O período é marcado por um processo de desindustrialização, privatização e desnacionalização de empresas que se soma à desregulamentação e fragmentação do mundo do trabalho. Ramos inteiros da produção deixaram de existir, a indústria de transformação reduziu sua participação na formação do Produto Interno Bruto (PIB) e o país assistiu sua burguesia industrial vender empresas e tornar-se mera montadora, maquiadora, empacotadora e, principalmente, especuladora no mercado financeiro, beneficiando-se de uma das mais altas taxas de juros do planeta. A burguesia associada do capital externo vai se tornando uma burguesia compradora e rentista”.

Caracterização insuficiente

Embora estivesse implícita em nosso artigo a gama de interesses reais a sustentar o governo, para além de sua representação política, reconhecemos que a caracterização foi feita de forma insuficiente.

Nossa tese central é a da singularidade que o governo Bolsonaro marca na história brasileira. As classes dominantes, em função da crise de representação de seus partidos e personalidades “tradicionais”, se viram obrigadas a apostar no bolsonarismo como única arma disponível para derrotar o lulismo/petismo e inaugurar um novo ciclo de “acumulação por espoliação” como elemento estrutural. Com isso, introduziram na gestão do Estado métodos, comportamentos, códigos, linguagens, procedimentos, totalmente distintos daqueles que faziam parte do arsenal conhecido à direita e à esquerda.

O bolsonarismo – que, por ser lúmpem, opera muito na infralógica e no universo de sentimentos primários e contraditórios – viceja no conflito contínuo e, assim, vai se tornando disfuncional para seus sócios menores – setores econômicos que dependem do mercado interno – e para o país.

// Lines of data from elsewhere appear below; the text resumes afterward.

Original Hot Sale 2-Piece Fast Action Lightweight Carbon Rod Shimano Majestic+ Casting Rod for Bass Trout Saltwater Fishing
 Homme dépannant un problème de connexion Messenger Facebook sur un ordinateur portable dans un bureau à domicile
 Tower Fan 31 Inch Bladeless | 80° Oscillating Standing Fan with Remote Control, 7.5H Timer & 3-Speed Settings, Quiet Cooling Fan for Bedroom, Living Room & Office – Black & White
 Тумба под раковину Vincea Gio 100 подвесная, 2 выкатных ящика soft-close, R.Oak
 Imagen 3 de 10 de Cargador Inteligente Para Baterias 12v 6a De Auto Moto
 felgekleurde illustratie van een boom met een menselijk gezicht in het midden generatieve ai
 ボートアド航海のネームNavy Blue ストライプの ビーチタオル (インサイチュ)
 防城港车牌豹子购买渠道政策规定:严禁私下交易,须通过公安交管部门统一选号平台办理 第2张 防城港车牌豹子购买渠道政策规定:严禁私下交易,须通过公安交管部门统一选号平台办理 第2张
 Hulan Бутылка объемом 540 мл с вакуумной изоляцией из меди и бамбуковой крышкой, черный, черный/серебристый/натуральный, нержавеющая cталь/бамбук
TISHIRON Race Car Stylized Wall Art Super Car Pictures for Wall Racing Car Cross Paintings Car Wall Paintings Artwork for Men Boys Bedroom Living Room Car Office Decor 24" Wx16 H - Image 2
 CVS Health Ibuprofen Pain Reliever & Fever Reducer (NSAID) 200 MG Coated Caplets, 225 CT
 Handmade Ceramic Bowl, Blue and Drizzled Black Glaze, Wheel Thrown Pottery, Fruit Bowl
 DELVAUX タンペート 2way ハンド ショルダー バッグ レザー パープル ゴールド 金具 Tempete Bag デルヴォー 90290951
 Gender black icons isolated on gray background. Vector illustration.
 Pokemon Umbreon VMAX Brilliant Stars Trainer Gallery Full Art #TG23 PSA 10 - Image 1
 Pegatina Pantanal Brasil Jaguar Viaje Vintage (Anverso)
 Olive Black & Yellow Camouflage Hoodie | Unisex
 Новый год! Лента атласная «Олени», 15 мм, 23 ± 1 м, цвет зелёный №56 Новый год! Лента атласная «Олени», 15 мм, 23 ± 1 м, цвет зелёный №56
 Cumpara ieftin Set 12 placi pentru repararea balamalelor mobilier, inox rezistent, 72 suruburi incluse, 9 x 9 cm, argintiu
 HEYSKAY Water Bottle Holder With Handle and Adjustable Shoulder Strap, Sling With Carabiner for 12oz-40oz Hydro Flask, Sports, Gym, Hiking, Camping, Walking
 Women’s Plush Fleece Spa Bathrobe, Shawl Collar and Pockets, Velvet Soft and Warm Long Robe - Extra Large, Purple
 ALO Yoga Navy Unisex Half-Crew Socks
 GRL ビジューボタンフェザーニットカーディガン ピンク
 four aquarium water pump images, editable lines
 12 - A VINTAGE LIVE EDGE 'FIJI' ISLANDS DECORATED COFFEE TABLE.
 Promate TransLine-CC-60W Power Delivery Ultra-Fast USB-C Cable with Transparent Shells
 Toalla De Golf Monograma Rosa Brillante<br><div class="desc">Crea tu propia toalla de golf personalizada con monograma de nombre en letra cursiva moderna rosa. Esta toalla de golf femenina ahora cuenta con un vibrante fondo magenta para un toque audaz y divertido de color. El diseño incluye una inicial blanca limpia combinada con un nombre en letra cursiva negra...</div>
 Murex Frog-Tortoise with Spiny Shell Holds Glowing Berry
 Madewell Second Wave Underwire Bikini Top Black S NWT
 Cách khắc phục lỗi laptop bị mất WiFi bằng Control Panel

No futuro, pode até vir a se tornar disfuncional para as frações hegemônicas da burguesia no Brasil, caso a contração econômica e o desmonte do Estado coloquem em xeque o conjunto da reprodução ampliada do capital, como consequência de uma desorganização econômica e social generalizada

Vale frisar que o lumpesinato não é uma “classe com o poder de Estado”, mas um emaranhado de gentes e interesses exercendo, por procuração, a gestão do Estado e tendo por meta a execução do programa burguês hegemônico.

Crise de representação

Com base nesses pressupostos, várias perguntas podem ser feitas:

Por que motivos a representação política do grande capital se faz através de um setor que, até outubro de 2018, era marginal à vida institucional do país?

Por que uma das dez maiores economias do mundo apresenta como instrumento de dominação de classe agentes incapazes de montar uma coalizão burguesa estável e previsível?

Por que, a partir de determinado ponto, a institucionalidade pactuada na Constituição de 1988 tornou-se um empecilho determinante para a burguesia no Brasil, que sempre criticara o caráter altamente progressista da Carta, mas convivera confortavelmente com ela ao longo de distintos governos

Por que as classes dominantes no Brasil se valeram de um aventureiro cercado de bárbaros antidemocráticos, como se a partir de tal falange pudessem exercer, sem maiores riscos e sobressaltos sua hegemonia e controle sobre a sociedade nacional?

Essas são, a nosso ver, as grandes questões colocadas diante dos que pesquisam e atuam na vida política nacional, de um ponto de vista democrático e popular.

São as respostas a essas perguntas que buscaremos elaborar em trabalhos a serem publicados brevemente.

*Artur Araujo é ex-diretor da Embratur e consultor da Federação Nacional dos Engenheiros e Gilberto Maringoni, professor de Relações Internacionais da Universidade Federal do ABC.